Tuesday, November 29, 2011

I promised to show you my TAINT

One of the most original, tongue-in-cheek, gore fest flicks I've seen this year has to be THE TAINT. You can read my review of it over at BloodSprayer.com. It's the type of film I love introducing to friends because of how over the top it is; it basically is the style of cinema that will determine if we'll be friends or not.

For those unfamiliar with this film, here's the NSFW trailer:

I showed the film to some friends and one of them, Kevin Polyak, instantly fell in love with it. He wondered if I was capable of producing a mask from this film for his Halloween costume. Basically a drunken gauntlet was thrown down in my mind and I was determined to make his challenge a reality. The mask he wanted was from a flashback sequence when a character is forced to duct tape their own ripped off face back onto their head.

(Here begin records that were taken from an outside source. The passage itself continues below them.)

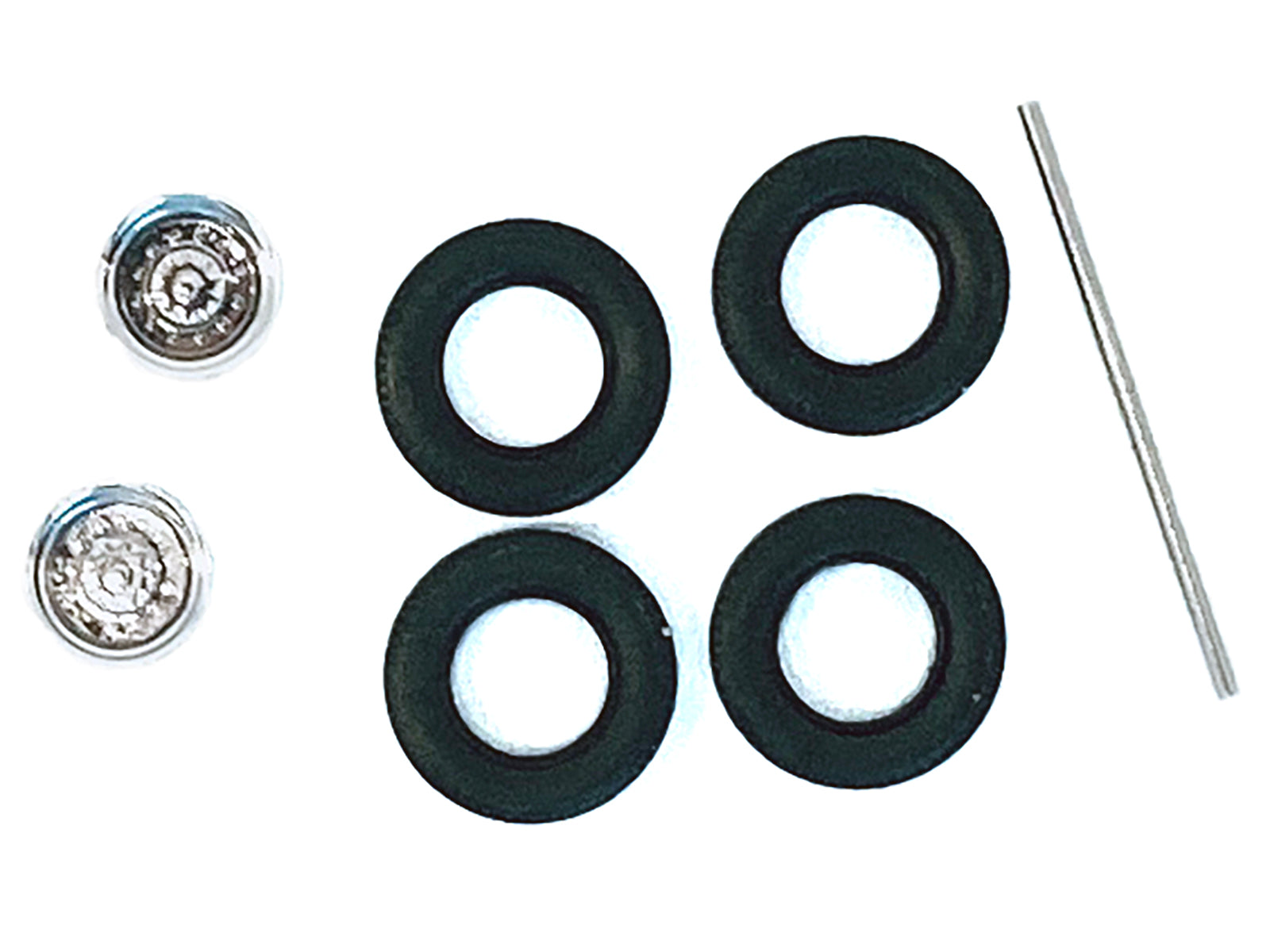 Rear Wheelset Planetary Chrome 1/87 (HO) Plastic Model by Promotex-DiecastModeler.com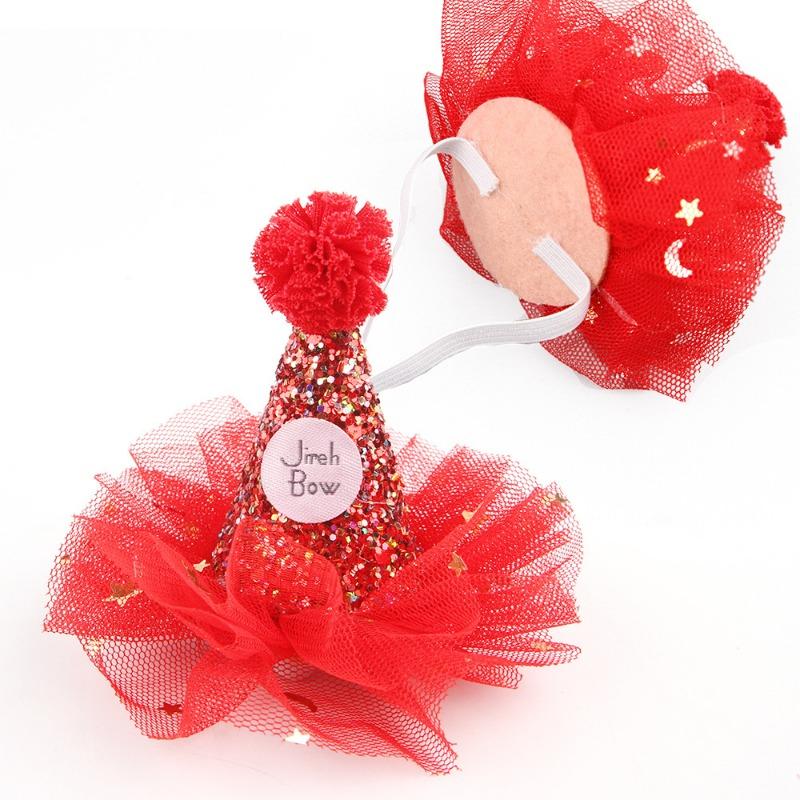 2024 Nytt Kjæledyr Justerbar Hatt Halssett Kattehatt Halsbånd Utkledning Hodeplagg Nyårsdekorasjon Kattetilbehør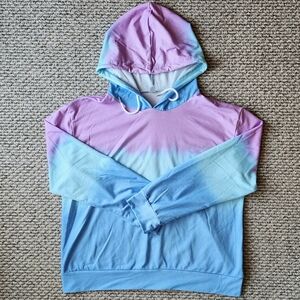 Purple To Blue Ombre Hoodie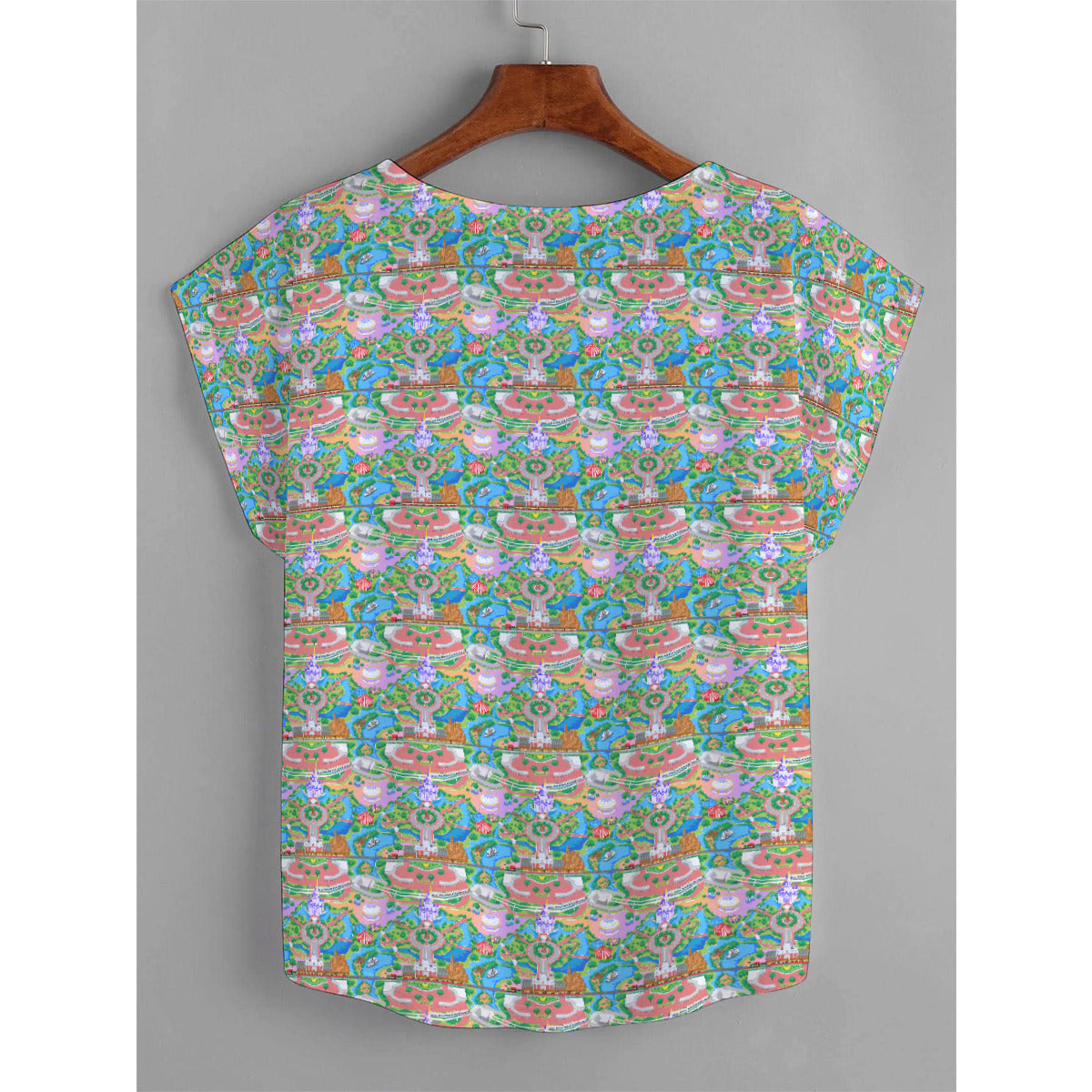 Park Map Plus Size Women's Curved Hem T-shirt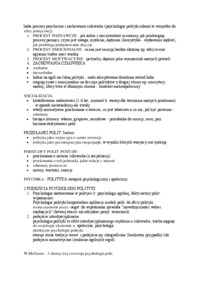 Psychologia polityki - wykłady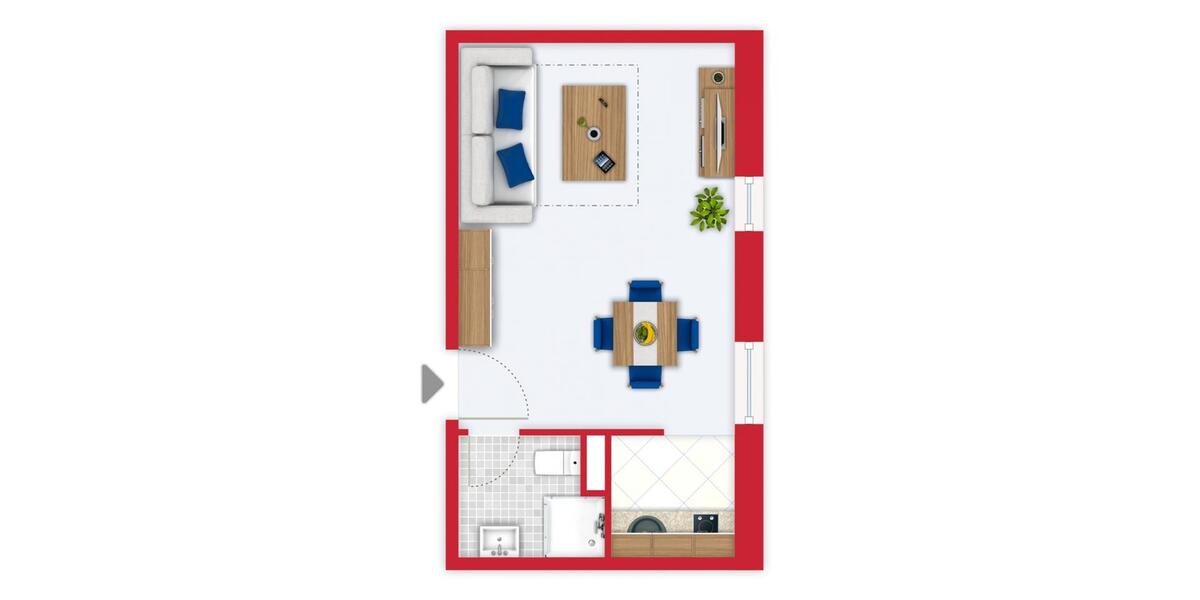 Erdgeschoßwohnung Bingen am Rhein - 1 Zimmer, 24 m&sup2;, 320&euro; | Angebot:26006106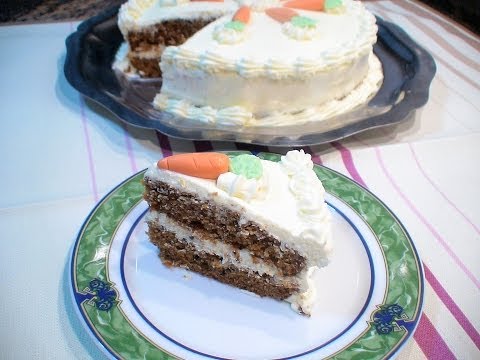 Receta Carrot Cake (Tarta de Zanahoria con crema de queso) - Recetas de cocina, tutorial - UC5ONfXPjWgqElh0NZaRJ1tg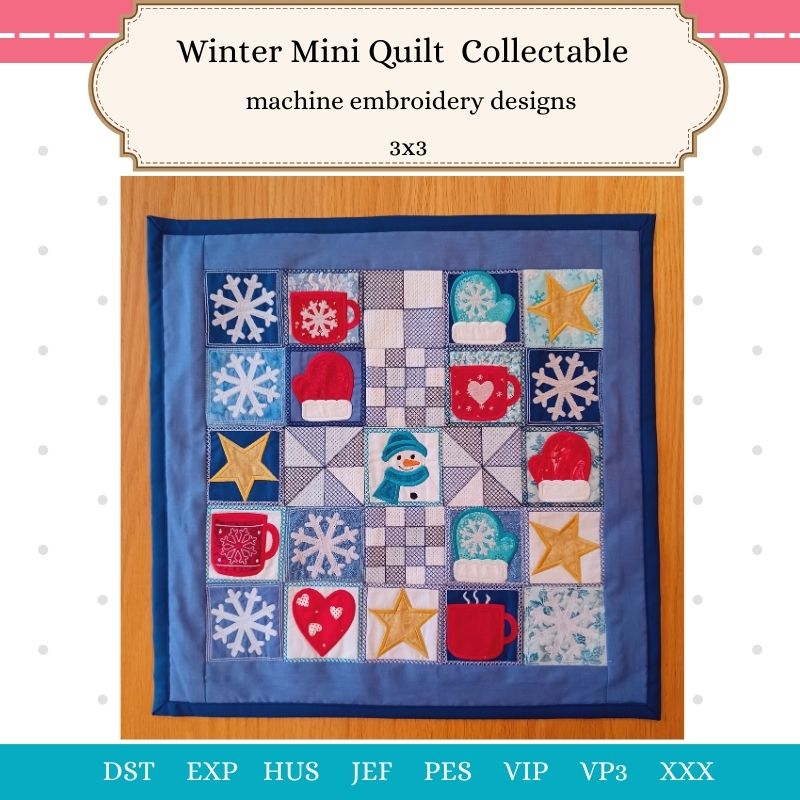 EW475 - Winter Mini Quilt Block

Reference Still from THE TAINT

I decided to take the look of the mask a bit further. I brainstormed what this face would look like for the possible sequel to this film. I wanted to show the skin in a bloody, leathery state; contorted and disturbing. This would be my own version of Film Fan Art. What I envisioned was a cross between Freddy Kreuger, the Cropsey Maniac, Leslie Vernon and when actor Lou Perryman gets his face ripped of in TEXAS CHAINSAW MASSACRE II. Basically all the terribly wonderful things that delightfully taunt my imagination and memories.

I knew that this was going to be my first attempt at making a mask so I wanted it to be special, I wanted it to be custom, I wanted it to be one of a kind. I decided that I wasn't going to go about the traditional means of sculpting and pouring a mold. I was going to do a layer by layer build up of liquid latex from a Ultra-Cal casting of my own face.

I gobbed on the latex knowing it would take longer to dry this way, but give me a rippled foundation that I would make look like fat. It would be later that I would augment it further.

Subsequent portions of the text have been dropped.